## **7. Using Files as Input: Reading Data from the Outside World**

So far, all the data we've worked with has been created directly inside our code (e.g., `start_price = 225.40`). In any real-world business or finance scenario, this is rarely the case. Data lives in files: transaction logs, market data exports, configuration settings, and reports.

To build powerful applications, our Python scripts must be able to **read** data from these files. This process is called **File I/O** (Input/Output). We'll learn how to navigate the file system to find our files and how to parse different file formats, from simple text to structured data like JSON and YAML.

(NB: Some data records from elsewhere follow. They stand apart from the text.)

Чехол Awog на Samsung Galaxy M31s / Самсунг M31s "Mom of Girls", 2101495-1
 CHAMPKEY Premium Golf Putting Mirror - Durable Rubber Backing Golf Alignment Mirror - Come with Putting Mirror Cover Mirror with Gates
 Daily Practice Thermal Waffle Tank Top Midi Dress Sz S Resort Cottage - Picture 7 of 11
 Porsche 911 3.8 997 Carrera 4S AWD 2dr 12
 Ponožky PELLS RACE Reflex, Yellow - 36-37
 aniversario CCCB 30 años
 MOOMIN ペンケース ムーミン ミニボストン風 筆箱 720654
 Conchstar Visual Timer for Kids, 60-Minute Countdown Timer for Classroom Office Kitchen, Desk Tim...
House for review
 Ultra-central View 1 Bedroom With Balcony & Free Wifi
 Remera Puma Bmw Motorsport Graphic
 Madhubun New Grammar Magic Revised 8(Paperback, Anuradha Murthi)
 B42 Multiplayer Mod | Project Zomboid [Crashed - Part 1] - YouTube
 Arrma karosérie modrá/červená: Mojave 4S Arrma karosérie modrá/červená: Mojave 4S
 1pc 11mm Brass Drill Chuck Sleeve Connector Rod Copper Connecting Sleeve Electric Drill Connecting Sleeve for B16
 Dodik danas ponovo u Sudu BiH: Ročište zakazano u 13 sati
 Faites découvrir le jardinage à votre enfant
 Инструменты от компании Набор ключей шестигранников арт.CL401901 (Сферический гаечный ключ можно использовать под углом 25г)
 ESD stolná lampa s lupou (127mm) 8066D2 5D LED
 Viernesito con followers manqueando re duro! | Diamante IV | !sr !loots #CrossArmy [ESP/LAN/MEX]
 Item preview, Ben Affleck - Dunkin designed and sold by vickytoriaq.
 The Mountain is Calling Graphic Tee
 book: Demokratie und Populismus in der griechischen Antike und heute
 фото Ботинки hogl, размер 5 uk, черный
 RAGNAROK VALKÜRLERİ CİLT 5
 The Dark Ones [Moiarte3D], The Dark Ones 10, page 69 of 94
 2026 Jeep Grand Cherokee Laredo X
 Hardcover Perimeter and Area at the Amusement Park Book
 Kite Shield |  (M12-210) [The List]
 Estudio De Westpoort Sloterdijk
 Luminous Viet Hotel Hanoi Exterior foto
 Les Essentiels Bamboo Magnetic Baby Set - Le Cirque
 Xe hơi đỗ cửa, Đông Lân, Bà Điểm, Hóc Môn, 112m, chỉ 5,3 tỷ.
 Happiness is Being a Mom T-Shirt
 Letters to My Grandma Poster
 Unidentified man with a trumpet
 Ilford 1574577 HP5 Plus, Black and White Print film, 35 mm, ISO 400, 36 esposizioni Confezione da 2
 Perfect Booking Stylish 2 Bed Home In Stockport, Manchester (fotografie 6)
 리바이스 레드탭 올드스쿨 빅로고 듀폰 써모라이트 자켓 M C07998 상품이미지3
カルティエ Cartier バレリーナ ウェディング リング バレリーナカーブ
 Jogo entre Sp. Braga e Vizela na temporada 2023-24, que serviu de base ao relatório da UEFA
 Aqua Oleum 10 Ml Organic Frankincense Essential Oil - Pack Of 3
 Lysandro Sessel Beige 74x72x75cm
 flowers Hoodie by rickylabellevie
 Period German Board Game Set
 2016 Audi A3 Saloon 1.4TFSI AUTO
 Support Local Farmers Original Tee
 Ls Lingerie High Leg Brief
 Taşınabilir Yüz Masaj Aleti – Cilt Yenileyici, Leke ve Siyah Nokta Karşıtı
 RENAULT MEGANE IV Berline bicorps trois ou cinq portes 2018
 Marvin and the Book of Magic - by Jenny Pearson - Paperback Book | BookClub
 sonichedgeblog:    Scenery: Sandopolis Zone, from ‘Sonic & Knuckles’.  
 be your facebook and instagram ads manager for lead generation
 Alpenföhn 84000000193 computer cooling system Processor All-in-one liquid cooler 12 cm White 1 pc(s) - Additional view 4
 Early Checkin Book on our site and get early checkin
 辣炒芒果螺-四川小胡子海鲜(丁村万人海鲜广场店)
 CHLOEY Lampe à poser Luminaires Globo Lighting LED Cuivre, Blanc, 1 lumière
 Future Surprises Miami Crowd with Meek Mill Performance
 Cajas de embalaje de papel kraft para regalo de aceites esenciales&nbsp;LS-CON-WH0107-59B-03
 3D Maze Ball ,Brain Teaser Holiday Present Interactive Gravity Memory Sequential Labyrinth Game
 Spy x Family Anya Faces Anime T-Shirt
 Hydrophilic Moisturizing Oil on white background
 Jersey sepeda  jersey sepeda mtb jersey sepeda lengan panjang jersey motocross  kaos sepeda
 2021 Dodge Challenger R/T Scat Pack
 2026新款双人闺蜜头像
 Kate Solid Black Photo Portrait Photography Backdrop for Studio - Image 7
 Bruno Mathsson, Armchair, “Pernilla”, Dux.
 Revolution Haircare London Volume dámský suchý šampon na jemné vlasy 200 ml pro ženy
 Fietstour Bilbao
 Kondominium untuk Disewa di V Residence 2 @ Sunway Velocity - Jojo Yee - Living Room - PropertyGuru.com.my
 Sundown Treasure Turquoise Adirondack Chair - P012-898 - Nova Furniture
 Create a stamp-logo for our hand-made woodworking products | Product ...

### **7.1 Navigating Your Computer: The `os` Module**
Before you can open a file, you need to know where it is. The `os` module in Python provides a way to interact with the operating system, allowing you to work with file paths and directories.

**Key Functions:**
*   `os.getcwd()`: **G**et **C**urrent **W**orking **D**irectory. Shows where your script is currently running from.
*   `os.listdir(path)`: Lists all files and folders in a given directory path. This is key for processing multiple files in a folder.
*   `os.path.exists(path)`: Returns `True` if a file or directory exists at the given path, `False` otherwise. Crucial for checking if a file is available before trying to open it.
*   `os.path.join(path1, path2, ...)`: Intelligently combines path components. It automatically uses the correct separator (`/` or `\`) for your operating system, making your code portable.
*   `os.makedirs(path, exist_ok=True)`: Creates a directory. `exist_ok=True` prevents an error if the directory already exists.

In [2]:
import os

# Find out where we are
current_directory = os.getcwd()
print(f"Current Directory: {current_directory}")

# Build a path to a folder in a safe way
data_folder_path = os.path.join(current_directory, '..')
print(f"Constructed Path: {data_folder_path}")

# Safely create the directory if it doesn't exist
os.makedirs(data_folder_path, exist_ok=True)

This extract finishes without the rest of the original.